── Information
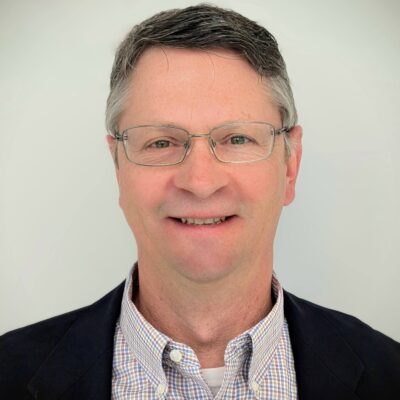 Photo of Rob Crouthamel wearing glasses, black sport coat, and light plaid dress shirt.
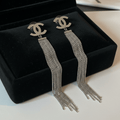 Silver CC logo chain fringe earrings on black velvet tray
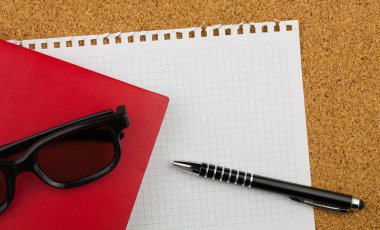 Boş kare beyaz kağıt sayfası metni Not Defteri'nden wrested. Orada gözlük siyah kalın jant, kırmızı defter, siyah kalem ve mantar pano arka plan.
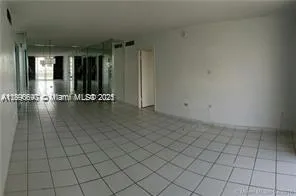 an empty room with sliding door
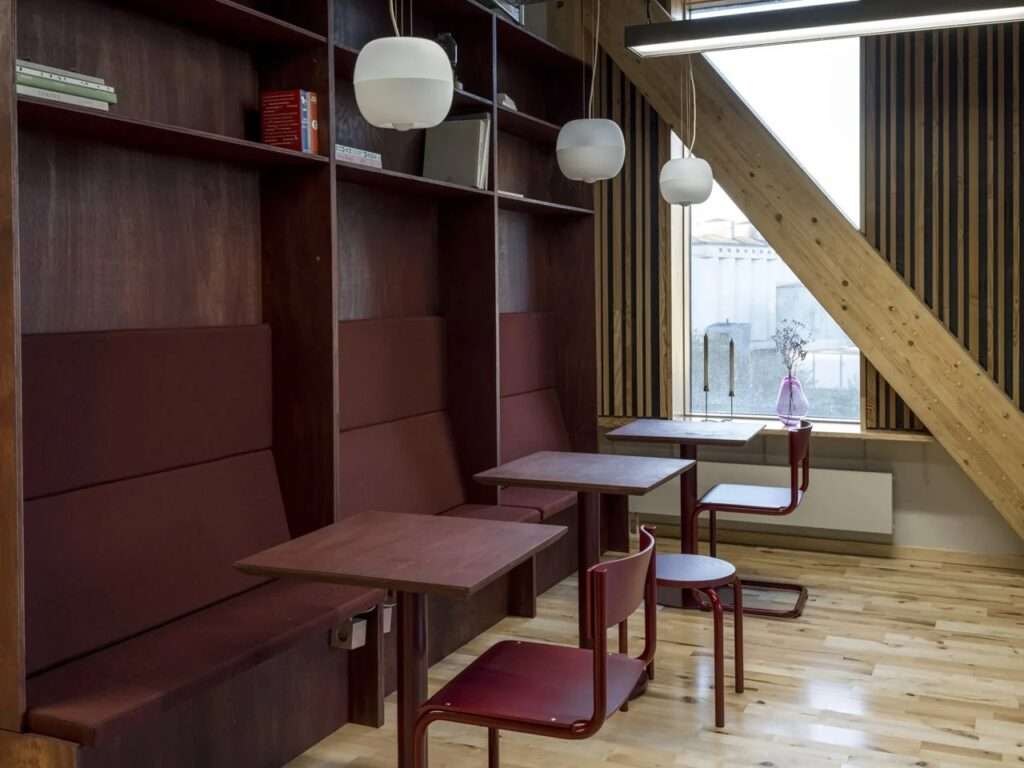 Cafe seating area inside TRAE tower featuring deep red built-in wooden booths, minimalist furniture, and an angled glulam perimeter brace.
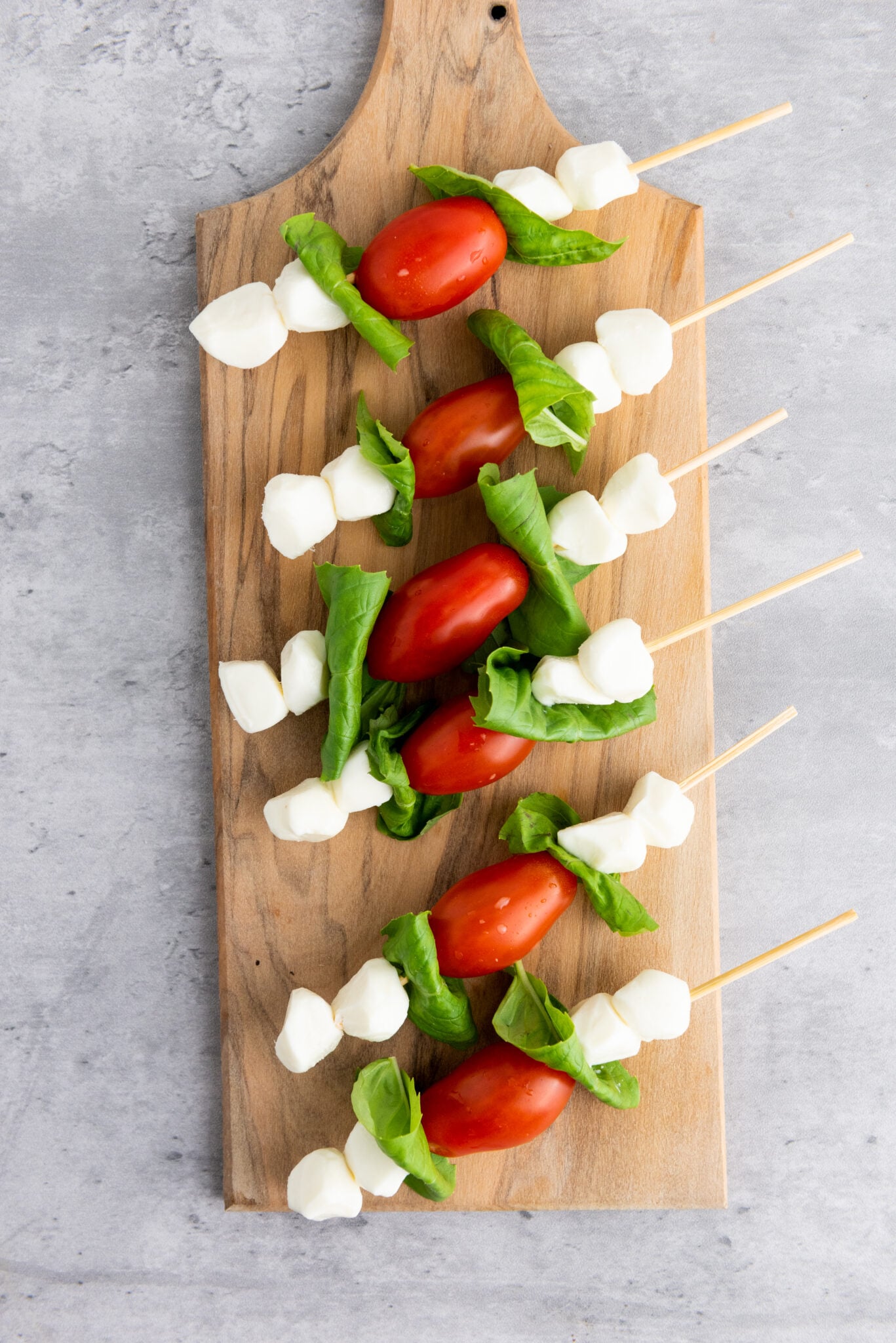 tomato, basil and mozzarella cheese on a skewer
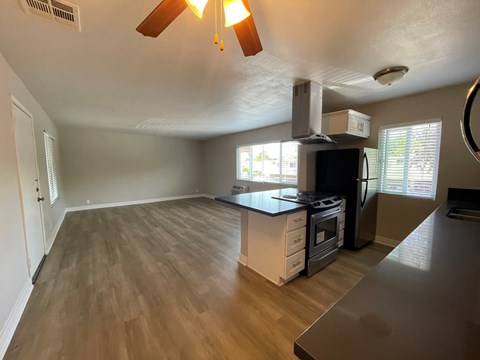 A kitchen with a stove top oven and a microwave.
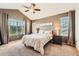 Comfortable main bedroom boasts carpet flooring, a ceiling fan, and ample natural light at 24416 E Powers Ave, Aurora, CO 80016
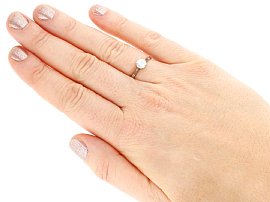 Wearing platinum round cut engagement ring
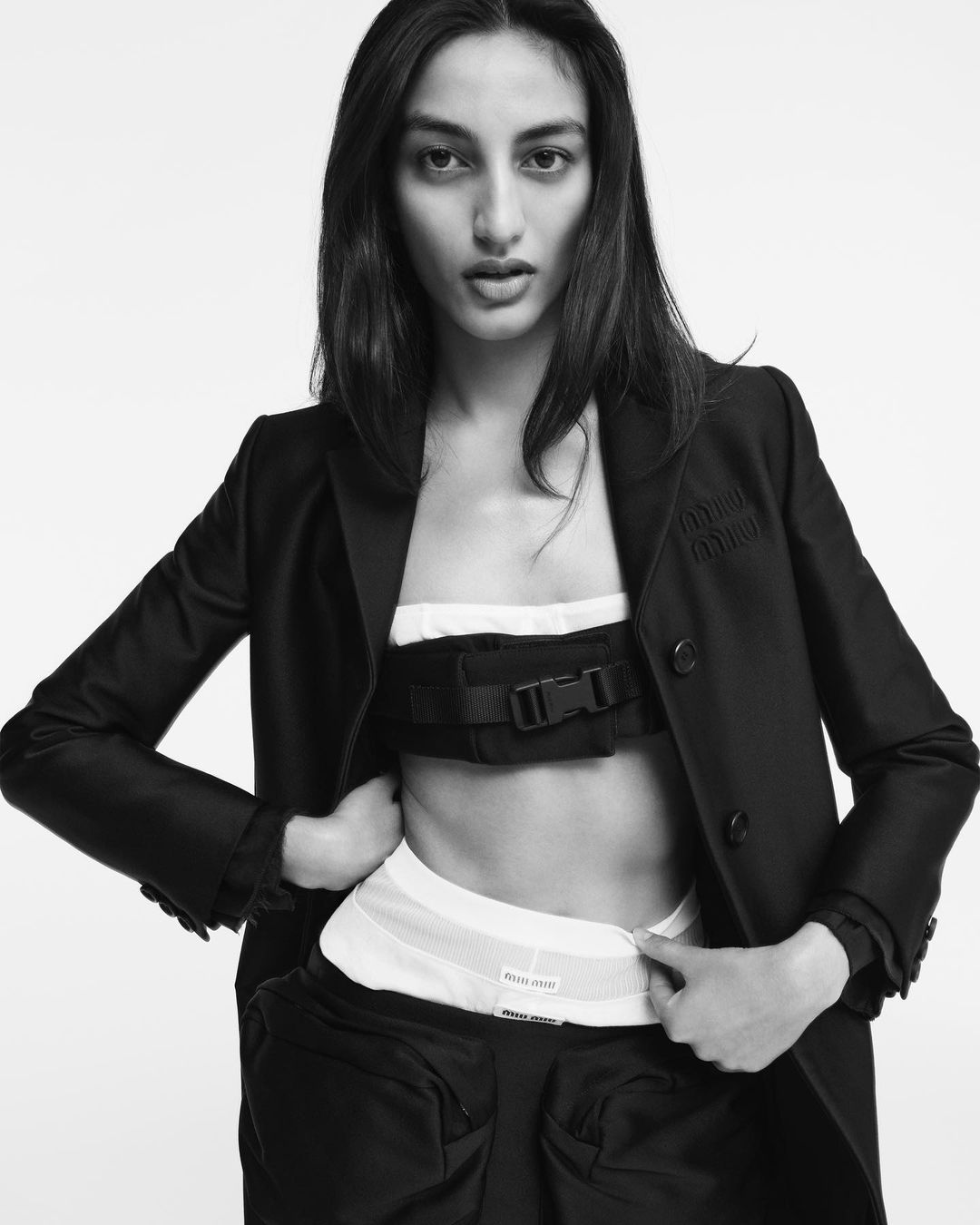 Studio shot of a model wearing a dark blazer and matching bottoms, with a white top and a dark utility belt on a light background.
────
Description of the task :: Repeat word for word the lines from the one holding "Wearing platinum round cut engagement ring" through the last line of the listing above, including both ends. Drop the pictures.

Solution to the exercise ::
 Wearing platinum round cut engagement ring
 Studio shot of a model wearing a dark blazer and matching bottoms, with a white top and a dark utility belt on a light background.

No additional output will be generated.